What is needed: Print exactly the lines that run from the one containing "Used 2024 White Kia LX image 3" to the final line of the data, both included, and print none of the pictures.

(Beginning of Records)

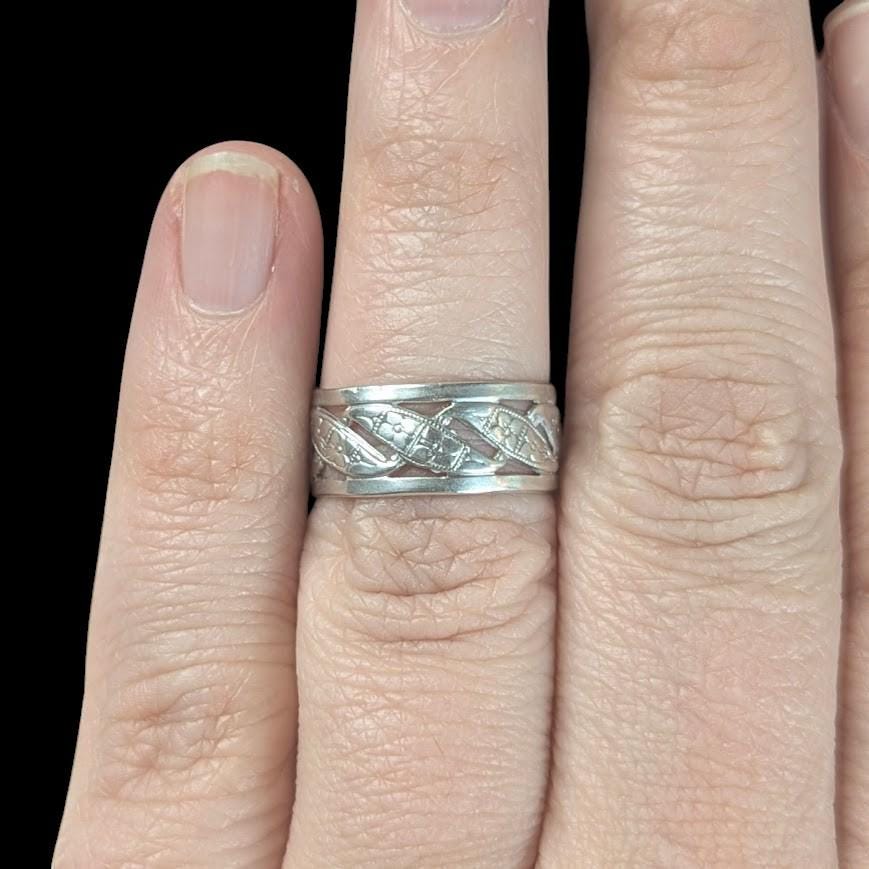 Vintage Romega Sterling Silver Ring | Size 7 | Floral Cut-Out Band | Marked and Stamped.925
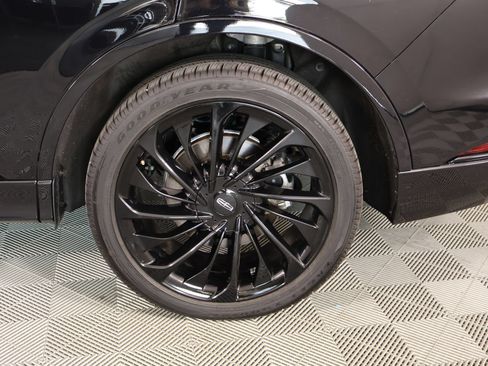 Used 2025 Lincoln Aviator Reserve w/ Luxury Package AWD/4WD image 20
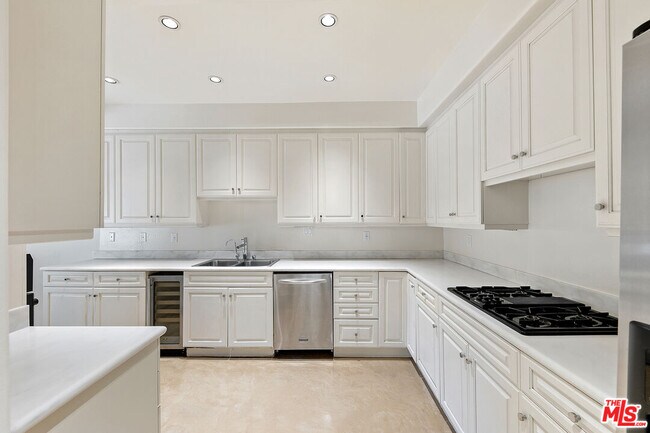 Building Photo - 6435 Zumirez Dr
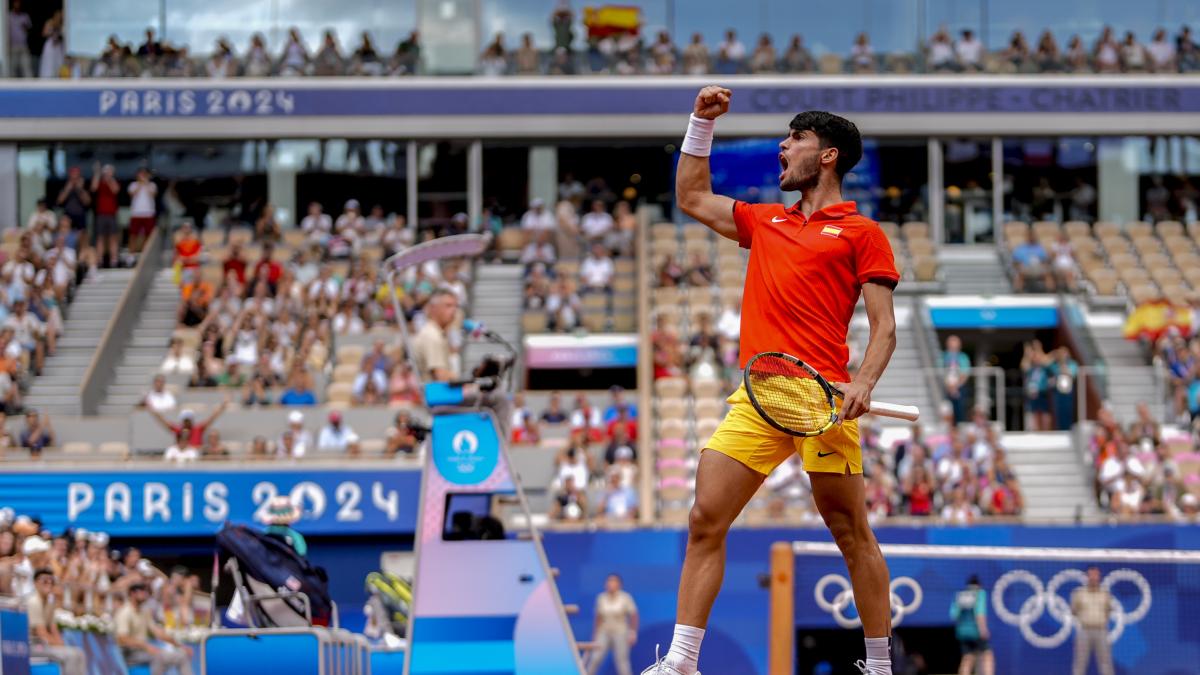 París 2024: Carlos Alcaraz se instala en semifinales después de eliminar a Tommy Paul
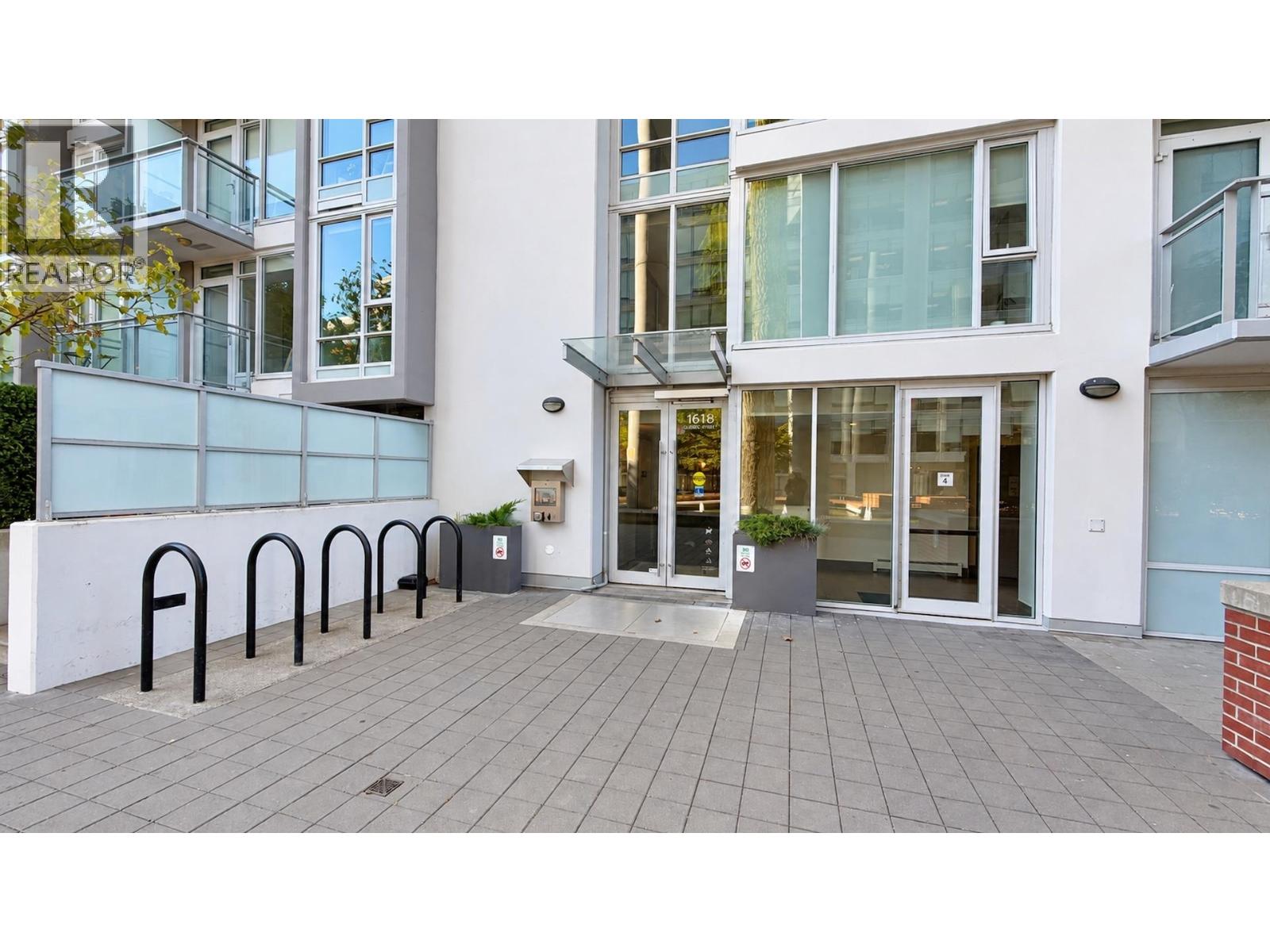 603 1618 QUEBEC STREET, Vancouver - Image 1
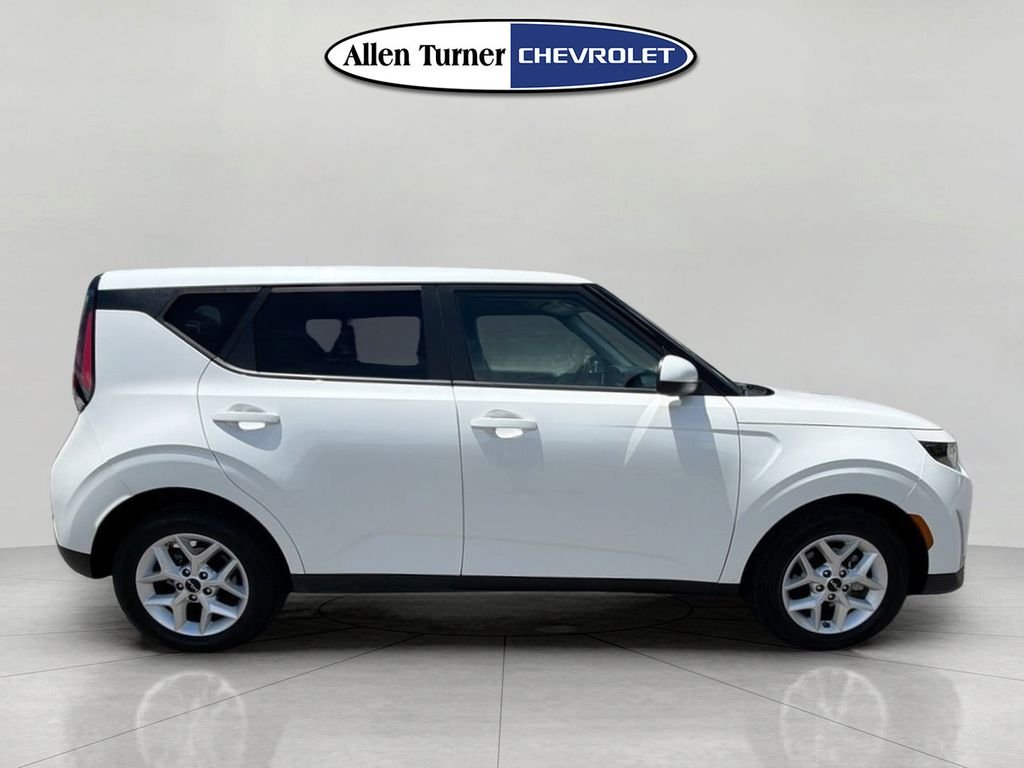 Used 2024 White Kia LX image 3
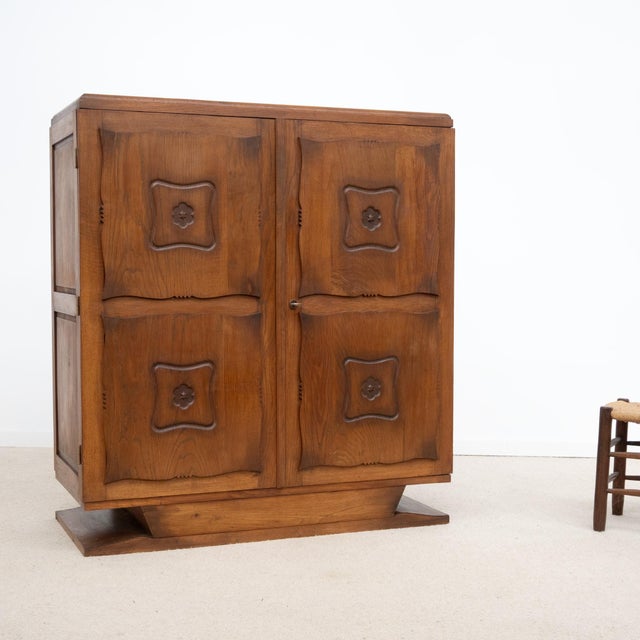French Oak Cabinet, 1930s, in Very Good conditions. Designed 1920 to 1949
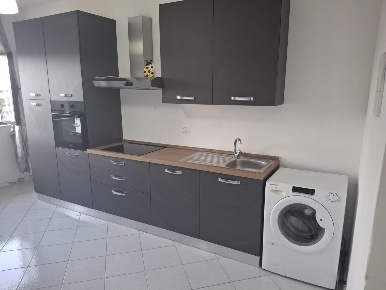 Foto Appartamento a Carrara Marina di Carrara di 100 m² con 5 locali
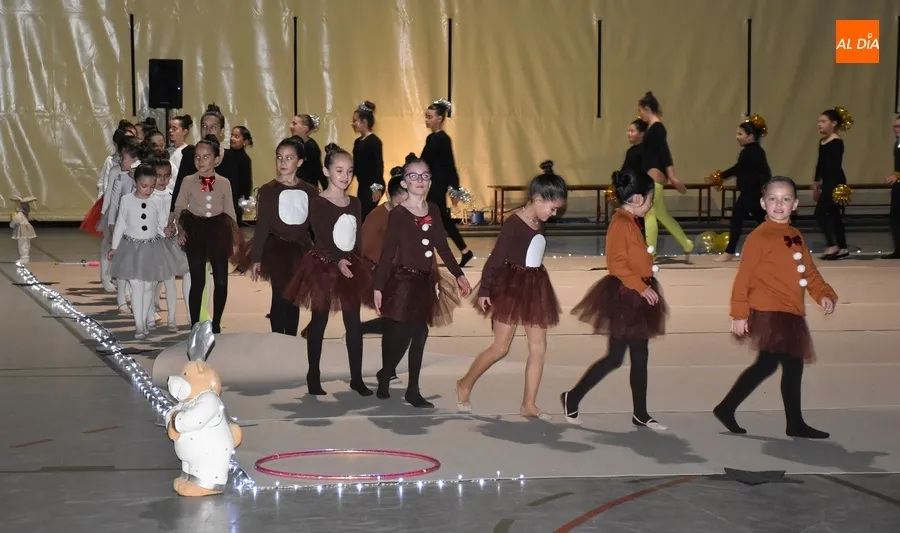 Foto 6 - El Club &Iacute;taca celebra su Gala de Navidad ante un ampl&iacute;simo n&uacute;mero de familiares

(End of Records)

The answer:
 Used 2024 White Kia LX image 3
French Oak Cabinet, 1930s, in Very Good conditions. Designed 1920 to 1949
 Foto Appartamento a Carrara Marina di Carrara di 100 m² con 5 locali
 Foto 6 - El Club &Iacute;taca celebra su Gala de Navidad ante un ampl&iacute;simo n&uacute;mero de familiares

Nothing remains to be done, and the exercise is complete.